東京で抱いた違和感
先日、都内の河川敷の芝生で大の字になって寝転んでいた。陽が傾き、西陽が差し込んでくる。
近くの鉄橋を、轟音を轟かせて長い長い電車がひっきりなしに通り過ぎる。こんなに長いのに、どの車両にも人がわんさか乗っている。それなのに、誰一人として僕が大の字で寝転がっていることに気づかずに通り過ぎる。景色を楽しんでいる人などいないようだ。
皆、早く家に帰ることに必死に見えた。携帯の情報を見るのに必死に見えた。川辺で寝っ転がってる変人を見つけてニンマリするやつは誰一人としていなかった。
こんなにも美しい世界が広がっているのに、誰もその美しさには目を向けもしなかった。こんなにも素敵な命たちに囲まれて生きているのに、その喜びを感じている人はいなかった。
翌日、僕は別の公園で瞑想しようとした。ところが、都会の雑踏が邪魔してまったく意識を集中させられなかった。車の走る音。遠くの駅アナウンス。公園で遊ぶ子どもたちの声。散歩するおばあちゃんたちの立ち話。常に外から情報が入り、意識が外に向いてしまう。

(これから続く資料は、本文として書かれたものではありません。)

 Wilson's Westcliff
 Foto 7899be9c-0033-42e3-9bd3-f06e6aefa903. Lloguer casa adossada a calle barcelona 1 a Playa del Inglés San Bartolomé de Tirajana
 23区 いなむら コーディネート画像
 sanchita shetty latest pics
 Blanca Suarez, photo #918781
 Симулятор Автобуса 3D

この街は、生きていることを感じさせてくれるだけの暇を僕に与えてくれなかった。
僕にとっての1番の幸せは、生きていると感じられることそのものだ。実は明日を生きる保証なんてないこの世界の中で、確かに今日を生き、そして生きていることを味わえることが1番の幸せだ。
この幸せを味わい続けられることが僕の生きている証だ。